TASK DIRECTIONS » Copy out all the lines of the data precisely, omitting any pictures.

☆ ☆ ☆ ☆

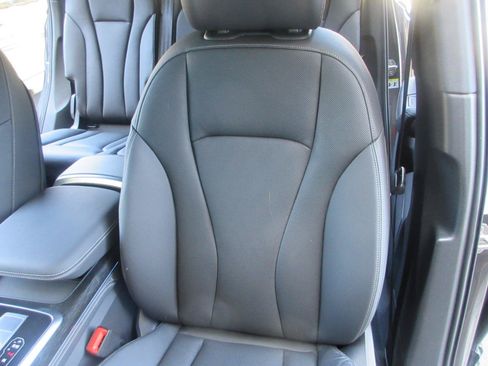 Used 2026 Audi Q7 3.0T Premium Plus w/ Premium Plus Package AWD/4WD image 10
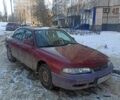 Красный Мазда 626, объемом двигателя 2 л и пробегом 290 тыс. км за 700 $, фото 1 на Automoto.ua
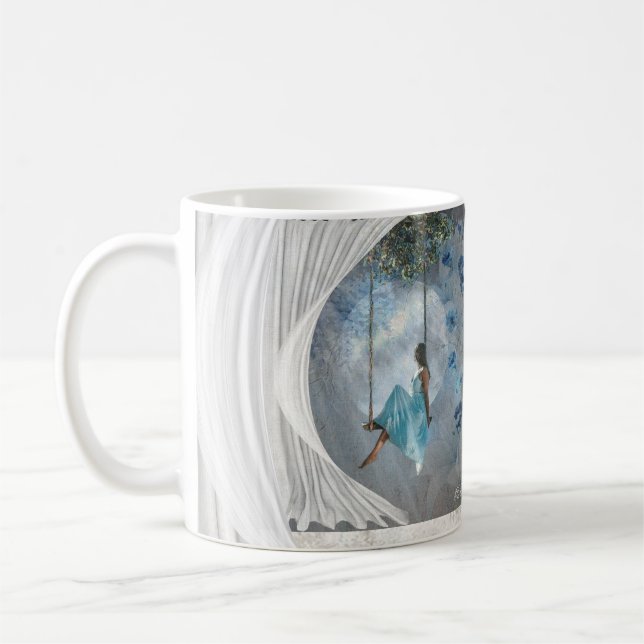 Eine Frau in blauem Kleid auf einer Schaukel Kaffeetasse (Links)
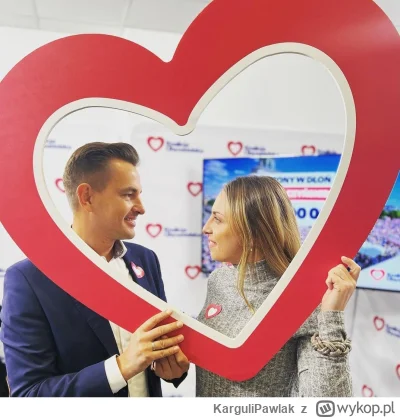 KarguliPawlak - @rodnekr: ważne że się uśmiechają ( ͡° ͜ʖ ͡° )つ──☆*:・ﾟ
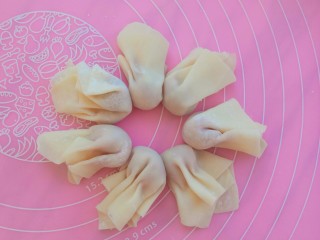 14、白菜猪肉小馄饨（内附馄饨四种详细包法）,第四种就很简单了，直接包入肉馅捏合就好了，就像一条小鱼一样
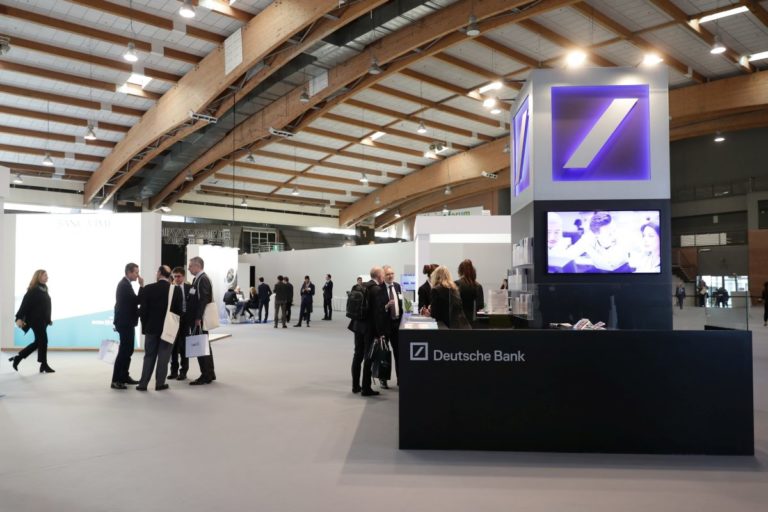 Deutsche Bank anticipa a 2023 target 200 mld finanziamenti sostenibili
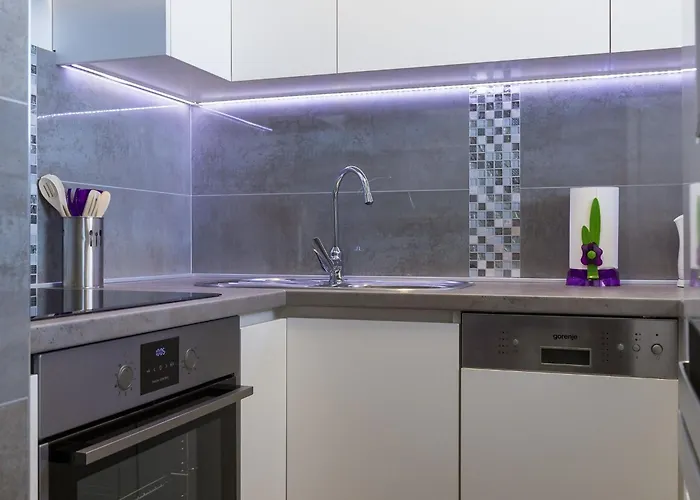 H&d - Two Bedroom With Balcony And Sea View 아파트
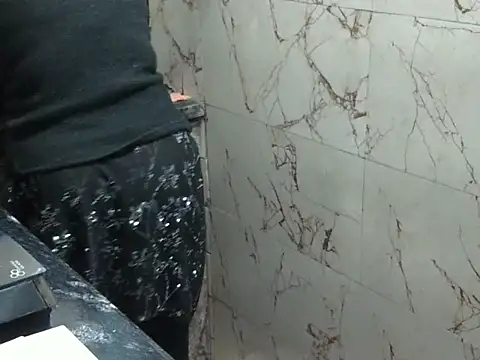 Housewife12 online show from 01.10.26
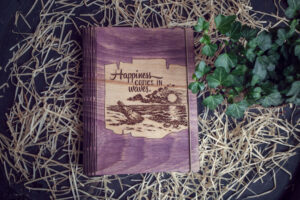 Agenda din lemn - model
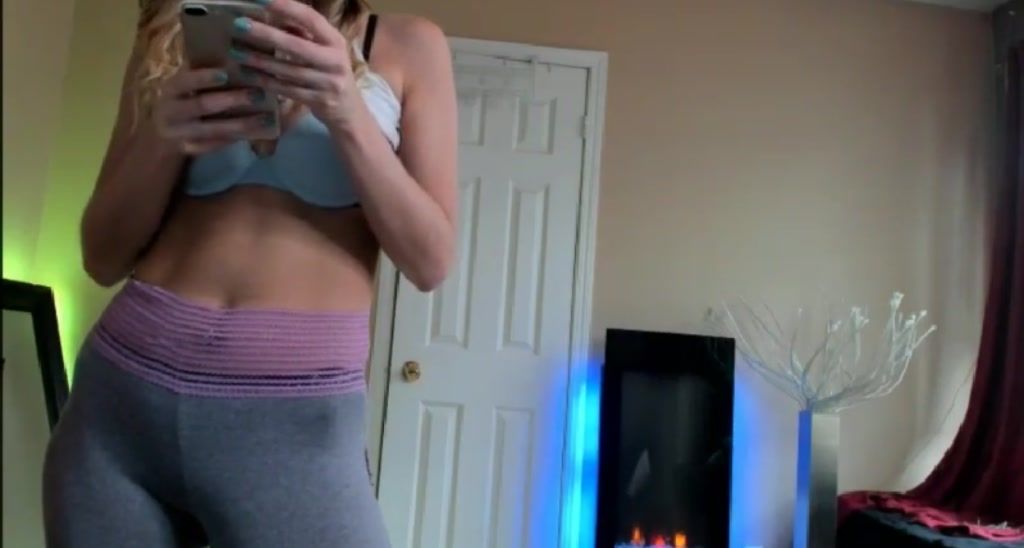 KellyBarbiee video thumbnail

☆ ☆ ☆ ☆

RESPONSE »
 Used 2026 Audi Q7 3.0T Premium Plus w/ Premium Plus Package AWD/4WD image 10
 Красный Мазда 626, объемом двигателя 2 л и пробегом 290 тыс. км за 700 $, фото 1 на Automoto.ua
 Eine Frau in blauem Kleid auf einer Schaukel Kaffeetasse (Links)
 KarguliPawlak - @rodnekr: ważne że się uśmiechają ( ͡° ͜ʖ ͡° )つ──☆*:・ﾟ
 14、白菜猪肉小馄饨（内附馄饨四种详细包法）,第四种就很简单了，直接包入肉馅捏合就好了，就像一条小鱼一样
 Deutsche Bank anticipa a 2023 target 200 mld finanziamenti sostenibili
 H&d - Two Bedroom With Balcony And Sea View 아파트
 Housewife12 online show from 01.10.26
 Agenda din lemn - model
 KellyBarbiee video thumbnail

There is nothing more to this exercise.